Erste Studie habe wertvolle Erkenntnisse gebracht

„Bewegung ist das zentrale Thema. Jeder Schritt ist wichtig für eine Gesundung“, sagt Elsässer. Und Sport innerhalb einer Gruppe mache vielen Menschen mehr Spaß als Einzelsport und bringe so auch psychologische Verbesserungen. Die erste Studie habe viele wertvolle Erkenntnisse gebracht. Er selbst vermute, dass der Effekt bei den jetzigen Teilnehmern noch höher sein werde, so Elsässer weiter.

Eugen Gehlenborg, ehemaliger DFB-Vizepräsident und jetziger Trainer bei einer der Gruppen, lobte ebenfalls den Ansatz des Gesundheitssportes. „Und wir haben die Infrastruktur des Fußballs mit den vielen Vereinen. Da braucht es nun eine flächendeckende Offensive.“ Die Kosten im Gesundheitswesen seien in den vergangenen Jahren immer weiter gestiegen, da könne man mit solch präventiven Angeboten gegensteuern.

Interesse hat die Studie auch beim DFB geweckt. So machte sich Michael Lichtnecker, Vorsitzender des Ausschusses für Beachsoccer, Freizeit- und Breitensport ein Bild bei der Präsentation. „Wir sind sehr interessiert an den Ergebnissen und müssen schauen, wie man so etwas dann gegebenenfalls bundesweit ausrollen kann“, sagte er.
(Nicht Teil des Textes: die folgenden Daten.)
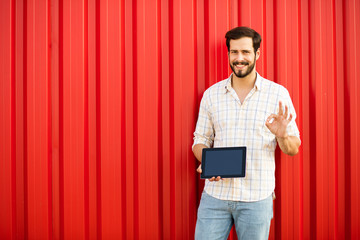 smiling man with tablet on background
Mediziner zeigen ihre Visionen auf

Auch beim Blick in die Zukunft zeigten sich die Verantwortlichen zuversichtlich. „Es geht weiter und spricht sich herum“, so Joachim Schrader. Von seiner Vision berichtete Lüders: „Vielleicht schaffen wir es, dass es künftig Fußballtraining auf Rezept gibt.“ Dies habe dann auch bei den Patienten eine verstärkende Wirkung. Zustimmung kam von Elsässer, der eine Empfehlung von der entsprechenden Fachgesellschaft zugunsten von Fußball als Gesundheitssport als ein Ziel ausgab. „Es ist sicher ein langer Weg, aber das könnte einen Schneeballeffekt nach sich ziehen.“

Bastian Schrader berichtete unterdessen über die ersten Treffen, die bereits stattgefunden haben. „Die Motivation der Teilnehmer ist ansteckend.“ Gefördert wird die Studie vom niedersächsischen Ministerium für Wissenschaft und Kultur mit 200.000 Euro sowie von der Deutschen Herzstiftung mit 70.000 Euro. „Dafür bedanken wir uns, es war bislang eine gute Zusammenarbeit“, erklärte Joachim Schrader.